Coulrofobia. Certamente você já ouviu falar, mas provavelmente você não está ligando o nome à pessoa. Coulrofobia é o medo irracional e incontrolável de palhaços. Acomete crianças, adolescentes e muitos adultos. Isso mesmo, existem adultos que levam uma vida normal, funcional, inteligentes e maduros que sentem um pavor incontrolável de palhaços.

Como já dissemos outras vezes, a fobia é um medo irracional, sem nenhuma explicação lógica aparente. Não necessariamente o que desperta fobia em uma pessoa é algo que lhe faria mal ou a colocaria em risco. Pessoas tem fobia de coisas e animais totalmente inofensivos. O que desencadeia a fobia não é o mal que o objeto pode te causar e sim uma série de mecanismos inconscientes complicados demais para que eu ouse começar a falar deles sem antes ter um diploma em psicologia.

O fato é que muitas pessoas tem esse medo irracional e incontrolável (fobia) de palhaço. Não percebemos com muita clareza porque socialmente é inaceitável que uma pessoa adulta se apavore e saia correndo quando se depara com um palhaço, então, essas pobres pessoas encontram mecanismos e fazem das tripas coração para disfarçar um pavor que a sociedade não lhes confere o direito a ter.

Mas ele existe, e é injusto que alguns possam dar um siricotico histérico ao ver uma barata e outros tenham que ter um mini-AVC em silêncio ao ver um palhaço. A situação piora quando se trata de um homem, pois a reprovação social é ainda pior. Ao homem é negado o direito de sentir medo, quem dirá fobia. É considerado “frescura”, “fraqueza”, “viadagem”. Mas não é. E hoje venho aqui te dizer que a fobia a palhaços é muito mais comum do que você imagina, muitos famosos, inclusive, são acometidos por ela.

Os sintomas vão muito além de um mero desconforto, de um simples não gostar. Eu não gosto de palhaços, acho antiestético e degradante um ser humano vestido de palhaço, mas meu sentimento se limita a uma forte vontade de me aproximar e chutá-los. Uma vontade que pode (e deve) ser facilmente controlada. Fobia é algo muito mais forte, que vai muito além do simples desgostar ou sentir vergonha alheia. Mexe com sintomas físicos, gera reações incontroláveis, desde crises de choro até desmaios.

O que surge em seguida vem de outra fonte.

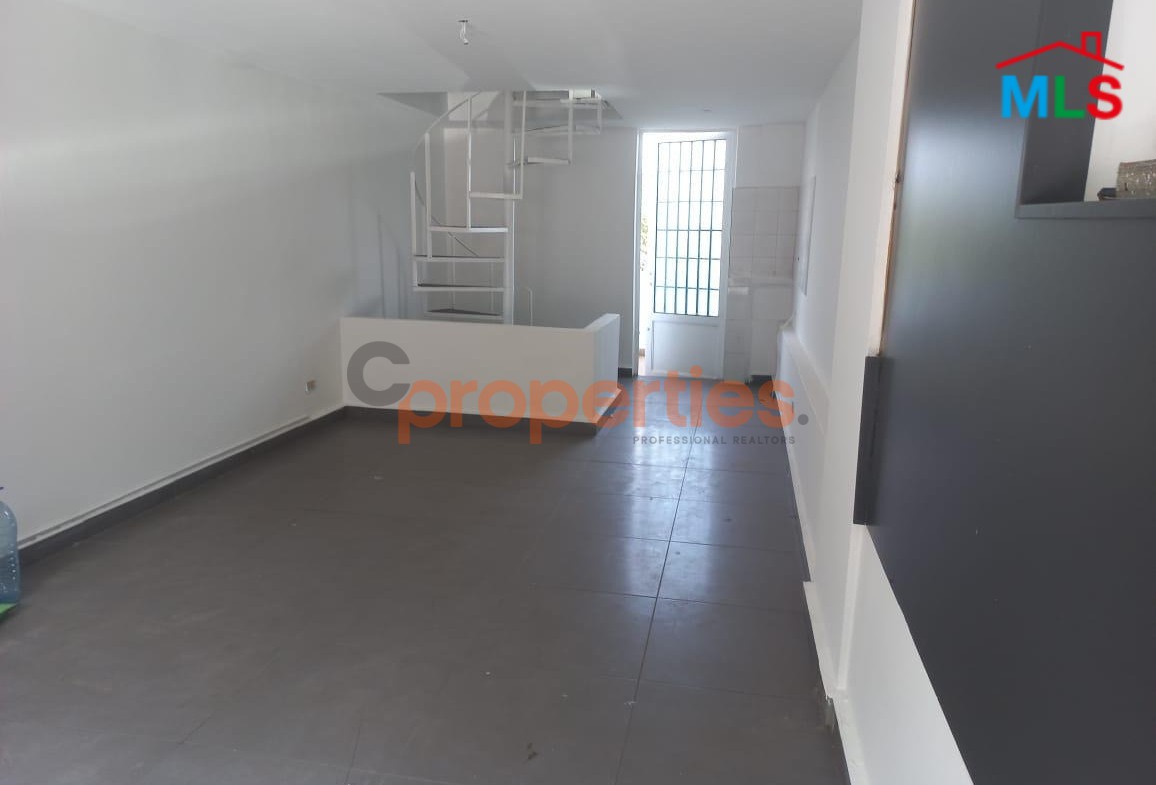 Showroom for Rent in Cornet Chehwan - CPMF41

Os “sintomas” não são taxativos. Eles podem variar, seja na forma, seja na intensidade. Em casos mais brandos a pessoa sente um desconforto ao ficar nas proximidades de um palhaço. Em casos mais severos, sintomas que se assemelham a um ataque de pânico podem aparecer: perda de fôlego, arritmia, suor em excesso ou crises de choro emergem. Há pessoas que simplesmente não conseguem ficar no mesmo recinto que um palhaço.

O quanto a pessoa consegue sufocar ou disfarçar varia, mas, depois de uma vida de treinamento escondendo esse sentimento, geralmente são bem sucedidos. O medo de serem tachados de loucos, de perder a credibilidade, os fazem desenvolver formas de mascarar esse acesso de pânico. E se você era um dos que recriminava quem tem uma crise fóbica ao ver um palhaço, eu te peço: pare. Apenas pare. É de uma ignorância ímpar pensar em uma fobia como um demérito.

Não é algo que a pessoa possa controlar com “força de vontade”, ao menos não sozinha, sem ajuda. Existem pessoas que, diante da simples foto de um palhaço já começam a chorar. E também não é algo tão raro: uma estudo realizado por uma universidade inglesa feito com 250 crianças constatou que TODAS tinham medo de palhaço. Isso fez com que a Inglaterra reveja a brilhante ideia de colocar palhaços em hospitais para “alegrar” as crianças. Coitados, eles tem medo de palhaços porque não conhecem o “Chaminha”, mas isso não vem ao caso. O fato é que um estudo que mostra um resultado de 100% é, no mínimo, um sinal.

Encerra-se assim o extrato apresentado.